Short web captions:
--- --- ---

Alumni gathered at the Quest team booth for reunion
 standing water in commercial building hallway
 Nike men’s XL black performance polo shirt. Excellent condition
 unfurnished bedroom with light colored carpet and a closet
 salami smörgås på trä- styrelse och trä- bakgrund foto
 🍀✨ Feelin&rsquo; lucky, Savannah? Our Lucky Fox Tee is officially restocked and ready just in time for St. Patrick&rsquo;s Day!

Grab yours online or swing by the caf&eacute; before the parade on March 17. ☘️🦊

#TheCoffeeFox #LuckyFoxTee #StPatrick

--- --- ---

All entries should be restated word for word.

Alumni gathered at the Quest team booth for reunion
 standing water in commercial building hallway
 Nike men’s XL black performance polo shirt. Excellent condition
 unfurnished bedroom with light colored carpet and a closet
 salami smörgås på trä- styrelse och trä- bakgrund foto
 🍀✨ Feelin&rsquo; lucky, Savannah? Our Lucky Fox Tee is officially restocked and ready just in time for St. Patrick&rsquo;s Day!

Grab yours online or swing by the caf&eacute; before the parade on March 17. ☘️🦊

#TheCoffeeFox #LuckyFoxTee #StPatrick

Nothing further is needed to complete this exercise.